In Hall v. Crenshaw, 449 S.W.3d 463 (Tenn. App. 2014), a plaintiff filed a medical malpractice lawsuit against Johnson Clinic, among other defendants, alleging wrongful death arising out of treatment rendered to the plaintiff’s decedent. Plaintiff sought the depositions of two physicians employed by the Clinic who had treated decedent during the relevant timeframe but were not named in the lawsuit. The malpractice allegations against the Clinic were not based on the conduct of the two non-party physicians. Defense counsel for the Clinic sought to meet ex parte (outside the presence of plaintiff’s counsel) with the non-party physicians to discuss the lawsuit and treatment rendered to decedent and to prepare for the depositions. Plaintiff objected to the ex parte communications and contended communications with the non-party physicians were only permitted in formal depositions.
The Trial Court’s Ruling
The trial court denied defense counsel permission to have ex parte communications with the two non-party physicians, relying on Alsip v. Johnson City Medical Center, 197 S.W.3d 722 (Tenn. 2006). In Alsip, a medical malpractice lawsuit, the Tennessee Supreme Court held counsel for the defendant medical center could not have ex parte communications with the plaintiff’s non-party physicians, and that defense counsel would have to engage in formal discovery such as a deposition. In Hall, the trial court reasoned that because the two physicians were not individually named as defendants, they should be considered non-party treating physicians.

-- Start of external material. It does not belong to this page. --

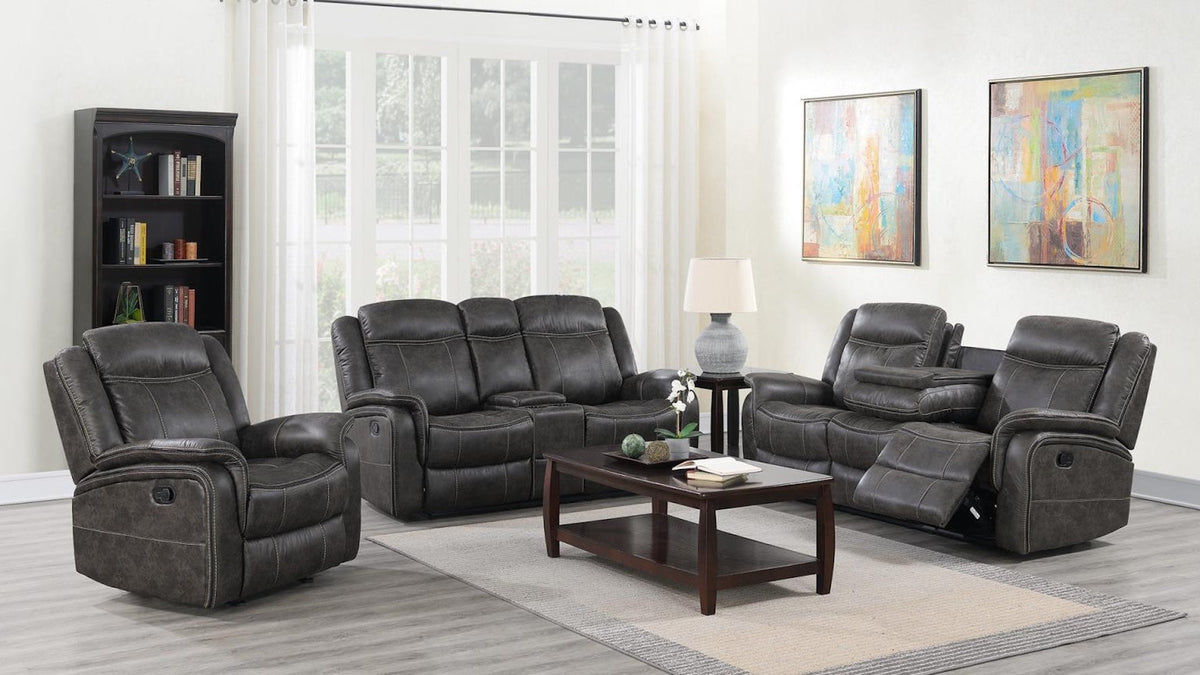 Reclining Sofa-Reclining Loveseat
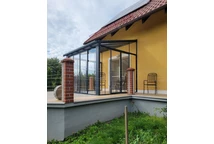 Veranda Sanremo Palram zimná záhrada - Canopia 3 x 3 m sivá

The issue presented on appeal in Hall was whether defense counsel for the defendant medical entity (Jackson Clinic) could communicate ex parte with treating physicians who were employees of the Clinic but not named as defendants in the medical malpractice lawsuit.
While acknowledging ex parte communications between defense counsel and a patient’s non-party treating physicians violated the implied covenant of confidentiality, the appellate court in Hall found Alsip was distinguishable because the two non-party physicians in Hall were employees of the Clinic.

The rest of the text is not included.